#### Supplied material

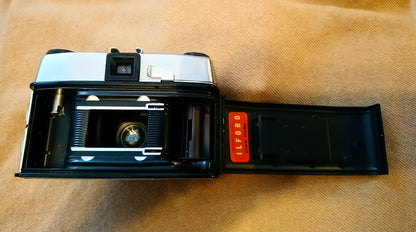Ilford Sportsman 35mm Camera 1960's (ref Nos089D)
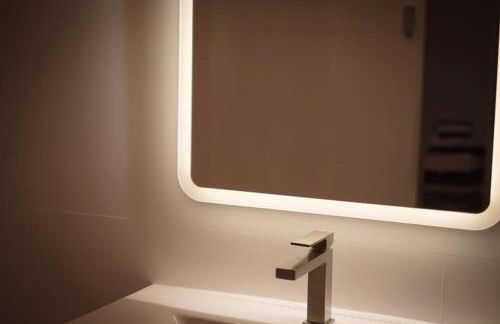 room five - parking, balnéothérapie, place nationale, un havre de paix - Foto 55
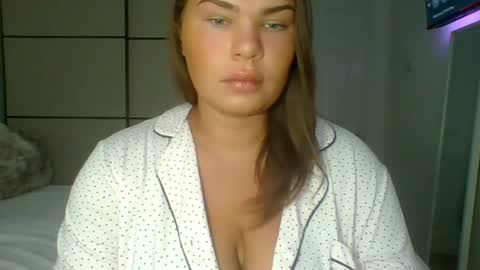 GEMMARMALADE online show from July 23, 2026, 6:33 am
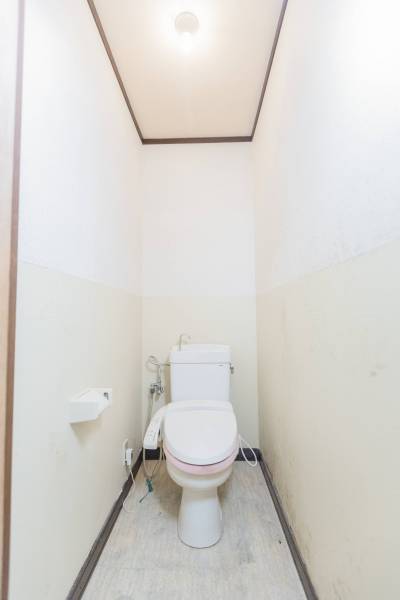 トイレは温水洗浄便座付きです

#### What is being asked
Give the listing above again exactly, minus any images.

#### Output for this task
Ilford Sportsman 35mm Camera 1960's (ref Nos089D)
 room five - parking, balnéothérapie, place nationale, un havre de paix - Foto 55
 GEMMARMALADE online show from July 23, 2026, 6:33 am
 トイレは温水洗浄便座付きです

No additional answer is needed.